Fundraising techniques are not the only new thing about the way this campaign is being run. The campaign watches its primary opponent, Hillary Clinton, on six monitors in real time. Clinton's camp is doing the same.

"Given the nature of news today, cable news and so on, when she's making a speech, we're generally watching that speech," Axelrod said. "It's a minute-to-minute pursuit and you need to be on your toes."

If Clinton says or does something and Obama's campaign hasn't responded within an hour, they consider it running behind.

The campaign never seems to rest. Plouffe confesses that apart from a week of vacation in August, which he says "was not really a vacation" except in the sense that he was absent from the campaign, he has taken only Christmas Day off. He called it "surreal."

"These days, with technology, you really don't get any time off. And this campaign, from the get-go, has been just at a ferocious intensity. Someone coined the term a marathon at a sprint pace, and that's how it's been since day one." he said.

Plouffe describes the campaign as a collaborative effort that distinguishes itself from other campaigns because it lacks the "headquarters versus the states mentality." The central mission of the headquarters, he says, is to support the states where most of the employees are.

The 20-somethings in the New Media department are responsible for everything from designing merchandise sold on the Web site to blogging to editing and uploading videos to managing chat rooms.

Axelrod says that the money flows through the computers — a steady infusion of cash in $10, $25 and $50 dollar.
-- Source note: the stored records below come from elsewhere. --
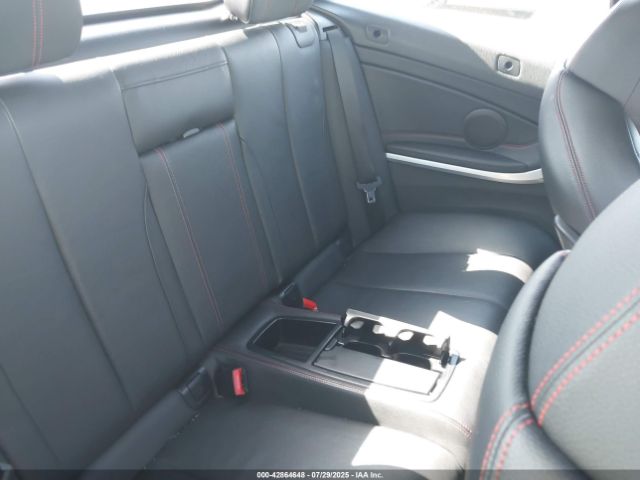 2020 BMW 430I WBA4Z1C07L5N80697 Photo 7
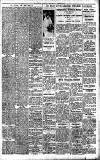 Birmingham Daily Gazette Thursday 19 March 1931 Page 3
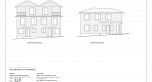 2 3581 Haida Street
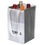 Blank NW4908 Non Woven Four Bottle Wine Bag, Sp Pp Ps - 3.5" W X 3.5" H (Front Pocket), 6.75" W X 11" H X 6.5" D, Price/piece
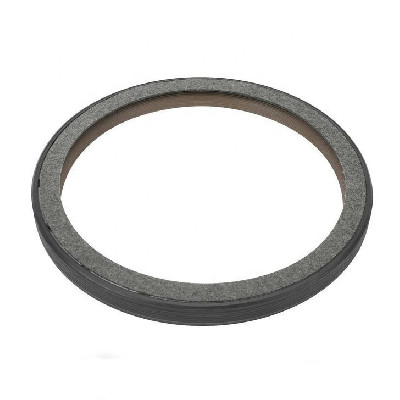 KRANK KEÇESİ ÖN 136X159X13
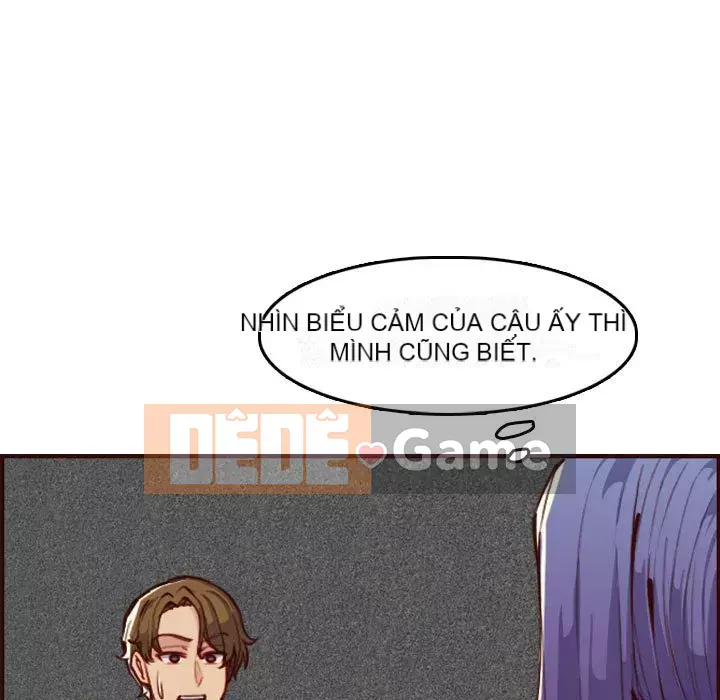 Mẹ tôi là sinh viên đại học Chương 58-59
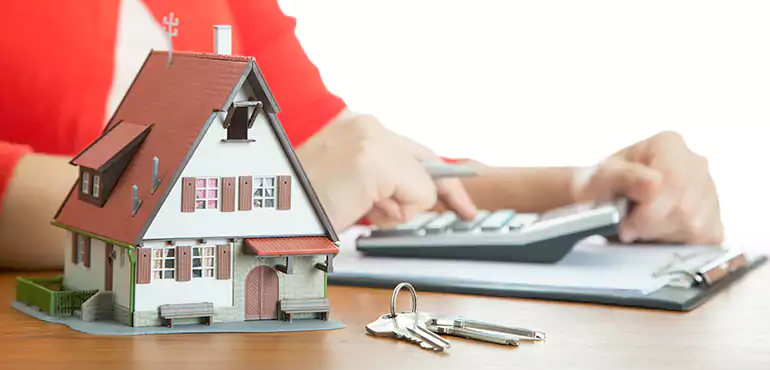 Sell Your House for Medical Bills in Pasadena, TX – Get Cash Offer Instantly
Computers also allow people to interact with the campaign."It's strange that a computer terminal can make politics more intimate but that's what's happened," Axelrod said. "People can have a relationship with a campaign in a way that they couldn't before."

When asked whether he understands new media himself, Axelrod laughed, "I understand enough to defer to them."

Though the tone of the campaign headquarters was strikingly serene, Plouffe confessed with a chuckle, "We're on our best behavior with you here today."

That calm, according to Plouffe, comes from Obama himself.

"I think everything flows from the candidate," Plouffe said. "And he had a term when he first decided to run — he wanted a campaign with no drama, which was we would fight ferociously, we would work our tails off, we would debate vigorously. But that we would have no drama."

Plouffe calls Obama's campaign the "most collegial campaign" he's ever participated in and says that its operations prove what Obama says: that you can disagree without being disagreeable.

"I was motivated by Barack Obama's potential to do really wonderful things for his country." Plouffe said. "We all are doing this, I think, for the right reason."